CLDATA-ANMay 1, 2017

Labelled network subgraphs reveal stylistic subtleties in written texts

arXiv:1705.00545v3
AI Analysis

This work addresses stylistic analysis in texts for researchers in computational linguistics, but it is incremental as it builds on existing networked and statistical methods.

The authors tackled the problem of analyzing written texts by combining networked representations with traditional statistical models, resulting in a hybrid classifier that uses labelled subgraphs to represent texts, which was applied to authorship attribution and translationese identification with promising results.

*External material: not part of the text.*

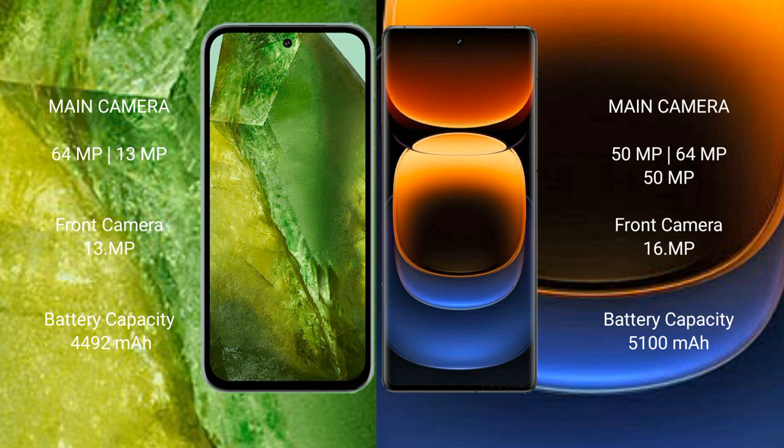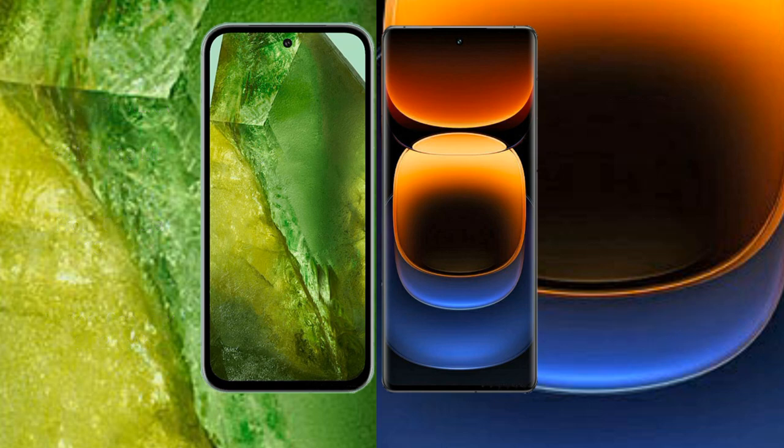Google Pixel 8a has a 4492mAh battery with 30W fast charging support. Vivo iQOO 12 Pro has a 5100mAh battery with 120W fast charging support.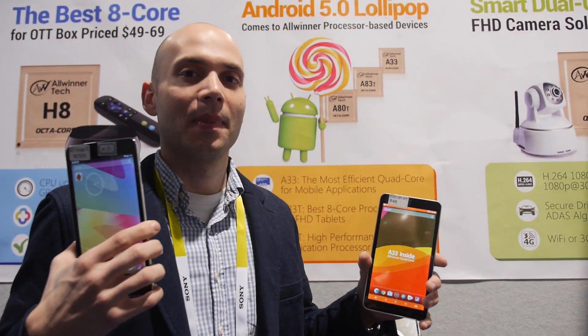So we're here at CES 2015, and you're showing an update. Yeah, so we're showing a lot of stuff here, but specifically on the mobile front and on the tablet front.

The vast amount of data and increase of computational capacity have allowed the analysis of texts from several perspectives, including the representation of texts as complex networks. Nodes of the network represent the words, and edges represent some relationship, usually word co-occurrence. Even though networked representations have been applied to study some tasks, such approaches are not usually combined with traditional models relying upon statistical paradigms. Because networked models are able to grasp textual patterns, we devised a hybrid classifier, called labelled subgraphs, that combines the frequency of common words with small structures found in the topology of the network, known as motifs. Our approach is illustrated in two contexts, authorship attribution and translationese identification. In the former, a set of novels written by different authors is analyzed. To identify translationese, texts from the Canadian Hansard and the European parliament were classified as to original and translated instances. Our results suggest that labelled subgraphs are able to represent texts and it should be further explored in other tasks, such as the analysis of text complexity, language proficiency, and machine translation.